Actually, Theresa May has mapped out a perfectly sensible course, unless you think Britain leaving the EU is the end of the world.
What was most interesting about the May speech is that it shows that the British Deep State – or the part of it that is co-operating with May rather than trying to block Brexit – is starting to think and function properly again after the botched renegotiation last year and decades of pursuing a policy on the EU that was rendered redundant by the voters on June 23rd.
In essence, May has grasped that the UK has leverage in negotiations to come that it is increasingly clear are going to be asymmetric and about more than just trade. The UK is the leading non-US power in Nato. Even if it is depleted after defence cuts (which will need to be reversed) the UK is a serious presence and spends more on defence than countries sheltering under a US umbrella that it seems is suddenly full of holes. This is understood in Poland and (hopefully) Germany. The UK also has the leading listening, intelligence and security capability in Europe.

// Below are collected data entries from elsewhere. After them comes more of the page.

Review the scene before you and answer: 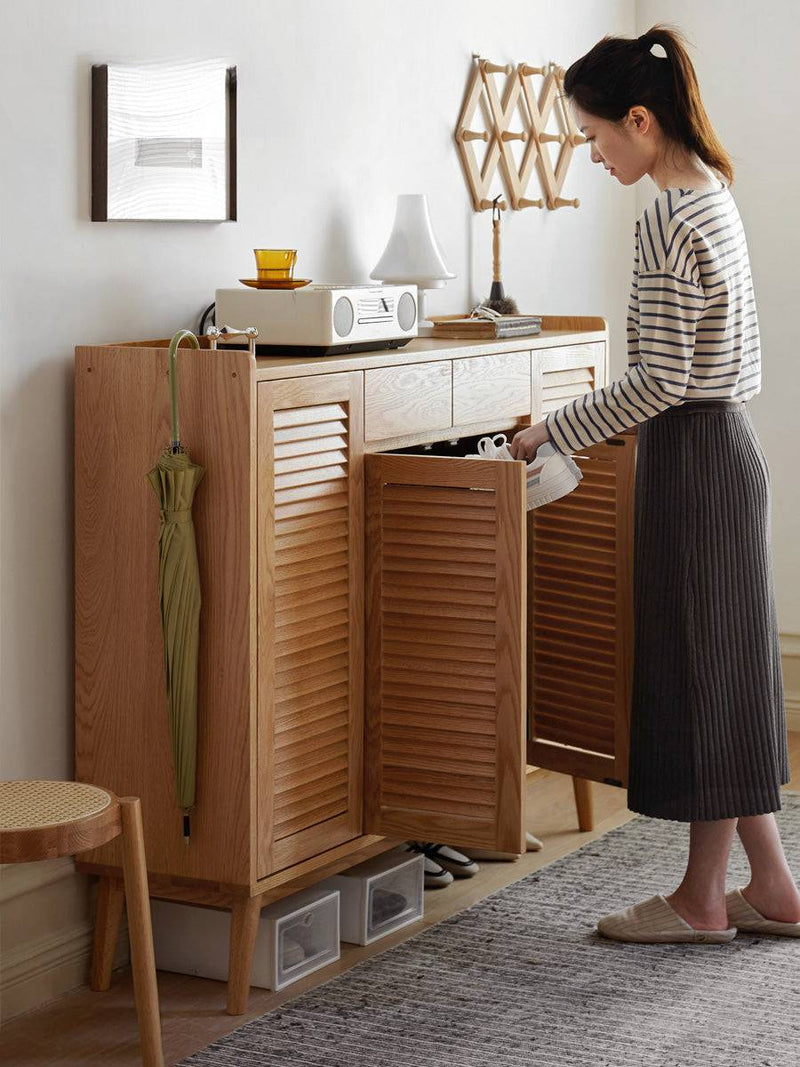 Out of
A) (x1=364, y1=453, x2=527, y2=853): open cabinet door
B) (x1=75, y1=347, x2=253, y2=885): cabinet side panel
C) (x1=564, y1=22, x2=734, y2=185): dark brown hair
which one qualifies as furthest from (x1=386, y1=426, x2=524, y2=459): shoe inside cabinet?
(x1=564, y1=22, x2=734, y2=185): dark brown hair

That matters, a lot, when the subject of Western security, long taken for granted, is back, thanks to Putin’s predations and the anti-Nato pronouncements of President-elect Trump. There is also the threat from Islamist fascist maniacs who want to kill citizens in Berlin, Birmingham and Barcelona, or anywhere they can.
How to proceed? There is a little time, although not much. NATO is sensibly deploying more troops to the East, and there is an understanding that Western European intelligence co-operation against Russian cyber warfare needs to improve, as Moscow gets ready to have more fun with other people’s elections, this time in Europe.
Donald Trump’s declaration that Nato is obsolete should not be taken as an indication that Nato is finished entirely, of course. Trump tends to take these positions that reflect his emotional impulses and need for attention. To that end, his daft statement that Merkel (a democrat and ally) and Putin (a demagogue and destroyer) are equivalent seems to have infuriated the Germans. It is surprising that they are surprised. This is Trump. Did they think he was going to morph into James Baker or Ronald Reagan after his election?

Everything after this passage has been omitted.